Ao anunciar na quinta-feira que não irá candidatar-se a outro mandato depois de quase 40 anos no Congresso, a deputada Nancy Pelosi, a poderosa ex-presidente da Câmara por duas vezes que liderou a aprovação de importante legislação democrata e provou ser um adversário formidável do presidente Donald Trump, disse que São Francisco deve continuar a ser “um farol de esperança, justiça e paz”.
O seu anúncio em vídeo foi recebido com uma manifestação de gratidão por parte dos democratas da Bay Area, que a descreveram em termos lendários: uma “gigante”, uma “criatura política” por completo, uma líder “inigualável”.

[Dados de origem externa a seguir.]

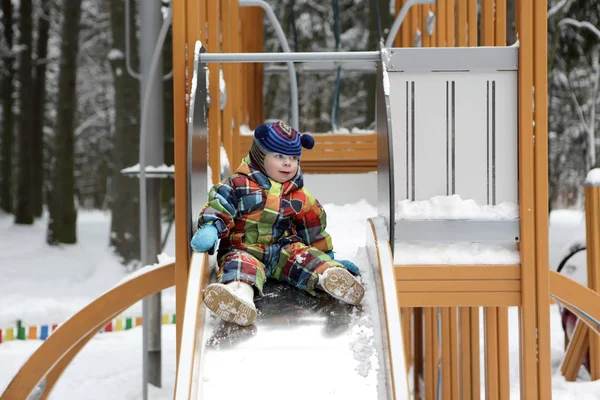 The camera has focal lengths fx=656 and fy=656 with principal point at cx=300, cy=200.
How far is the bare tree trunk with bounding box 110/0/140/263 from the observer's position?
10000 millimetres

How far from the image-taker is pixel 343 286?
2549 mm

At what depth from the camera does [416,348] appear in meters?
6.14

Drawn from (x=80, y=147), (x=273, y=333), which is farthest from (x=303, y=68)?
(x=80, y=147)

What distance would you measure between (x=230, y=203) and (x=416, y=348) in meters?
3.85

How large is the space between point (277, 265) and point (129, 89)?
7815 millimetres

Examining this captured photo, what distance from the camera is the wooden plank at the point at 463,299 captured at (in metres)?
2.89

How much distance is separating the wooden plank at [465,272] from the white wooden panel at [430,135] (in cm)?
32

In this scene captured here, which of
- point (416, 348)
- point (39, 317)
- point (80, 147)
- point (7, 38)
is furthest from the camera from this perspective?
point (80, 147)

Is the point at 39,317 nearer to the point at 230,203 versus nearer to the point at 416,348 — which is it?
the point at 416,348

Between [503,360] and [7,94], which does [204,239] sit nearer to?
[503,360]

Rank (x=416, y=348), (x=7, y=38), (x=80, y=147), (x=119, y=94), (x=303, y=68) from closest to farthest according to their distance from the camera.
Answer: (x=416, y=348) < (x=303, y=68) < (x=119, y=94) < (x=7, y=38) < (x=80, y=147)

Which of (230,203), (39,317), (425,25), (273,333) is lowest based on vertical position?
(39,317)

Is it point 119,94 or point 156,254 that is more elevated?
point 119,94

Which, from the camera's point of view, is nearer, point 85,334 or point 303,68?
point 85,334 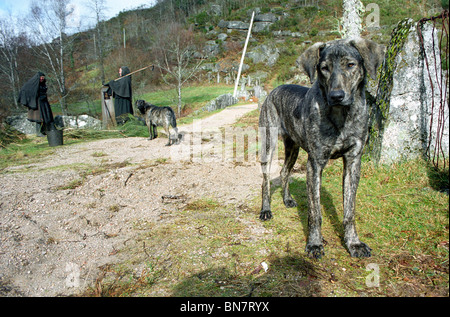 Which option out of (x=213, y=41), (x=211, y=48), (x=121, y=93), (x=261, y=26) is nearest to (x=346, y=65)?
(x=121, y=93)

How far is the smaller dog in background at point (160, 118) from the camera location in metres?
9.81

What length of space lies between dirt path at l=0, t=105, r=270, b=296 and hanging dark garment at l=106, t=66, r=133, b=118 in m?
5.66

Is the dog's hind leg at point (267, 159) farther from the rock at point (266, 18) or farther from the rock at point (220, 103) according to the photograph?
the rock at point (266, 18)

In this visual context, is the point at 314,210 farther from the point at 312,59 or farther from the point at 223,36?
the point at 223,36

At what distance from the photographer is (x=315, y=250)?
2.82 meters

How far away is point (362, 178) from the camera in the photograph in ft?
15.3

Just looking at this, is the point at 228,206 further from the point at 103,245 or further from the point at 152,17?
the point at 152,17

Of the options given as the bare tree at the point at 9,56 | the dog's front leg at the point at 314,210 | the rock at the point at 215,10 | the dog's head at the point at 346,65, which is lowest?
the dog's front leg at the point at 314,210

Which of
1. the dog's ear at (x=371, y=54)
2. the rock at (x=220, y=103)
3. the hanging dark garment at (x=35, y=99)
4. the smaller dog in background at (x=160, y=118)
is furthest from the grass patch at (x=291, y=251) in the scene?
the rock at (x=220, y=103)

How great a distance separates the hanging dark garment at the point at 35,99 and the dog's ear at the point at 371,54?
12128 millimetres

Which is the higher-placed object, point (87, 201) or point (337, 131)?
point (337, 131)

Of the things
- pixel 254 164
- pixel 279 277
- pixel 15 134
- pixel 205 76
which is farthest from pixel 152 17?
pixel 279 277

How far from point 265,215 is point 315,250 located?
1.05m

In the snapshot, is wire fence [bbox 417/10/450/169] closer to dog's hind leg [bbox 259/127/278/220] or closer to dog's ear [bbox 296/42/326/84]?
dog's hind leg [bbox 259/127/278/220] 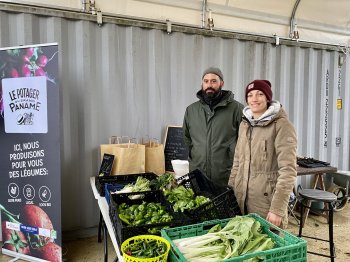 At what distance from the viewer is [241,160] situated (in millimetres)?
2062

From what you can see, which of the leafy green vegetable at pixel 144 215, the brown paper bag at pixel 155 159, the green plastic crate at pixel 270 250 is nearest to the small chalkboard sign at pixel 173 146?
the brown paper bag at pixel 155 159

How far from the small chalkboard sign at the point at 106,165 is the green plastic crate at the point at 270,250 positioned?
1552 millimetres

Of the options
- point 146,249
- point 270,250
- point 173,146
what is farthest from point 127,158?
point 270,250

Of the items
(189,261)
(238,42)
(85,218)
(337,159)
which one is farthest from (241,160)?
(337,159)

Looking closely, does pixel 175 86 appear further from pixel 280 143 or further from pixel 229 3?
pixel 280 143

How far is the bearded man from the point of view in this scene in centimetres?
250

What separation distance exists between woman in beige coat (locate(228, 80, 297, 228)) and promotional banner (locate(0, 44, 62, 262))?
65.0 inches

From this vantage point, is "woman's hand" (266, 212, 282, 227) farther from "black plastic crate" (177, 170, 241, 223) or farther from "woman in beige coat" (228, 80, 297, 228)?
"black plastic crate" (177, 170, 241, 223)

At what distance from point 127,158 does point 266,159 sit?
149 cm

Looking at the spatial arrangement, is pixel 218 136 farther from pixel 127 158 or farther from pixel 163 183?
pixel 127 158

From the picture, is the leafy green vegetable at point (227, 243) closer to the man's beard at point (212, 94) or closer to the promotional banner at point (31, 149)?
the man's beard at point (212, 94)

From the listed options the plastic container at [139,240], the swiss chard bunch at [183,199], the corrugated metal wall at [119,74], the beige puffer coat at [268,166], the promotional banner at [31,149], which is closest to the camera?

“Seu histórico é incomparável e seu impacto é mais profundo”, disse Lateefah Simon, deputada de East Bay, uma democrata em primeiro mandato que Pelosi orientou em Washington DC. “Ele vive e continuará a viver nos movimentos que ela inspirou, nas mulheres que ela levantou.”
Durante os dois mandatos como presidente da Câmara, Pelosi conduziu a aprovação do Affordable Care Act, do Plano de Resgate Americano da era pandémica e das leis climáticas e de infra-estruturas da era Biden, impulsionadas pelo que os apoiantes chamam de uma capacidade singular de angariar votos e enganar os seus oponentes. Pelosi arrecadou mais de US$ 1 bilhão para o Partido Democrata durante sua carreira política, conhecida pelos fiéis do partido por seus implacáveis – e dramáticos – e-mails de arrecadação de fundos.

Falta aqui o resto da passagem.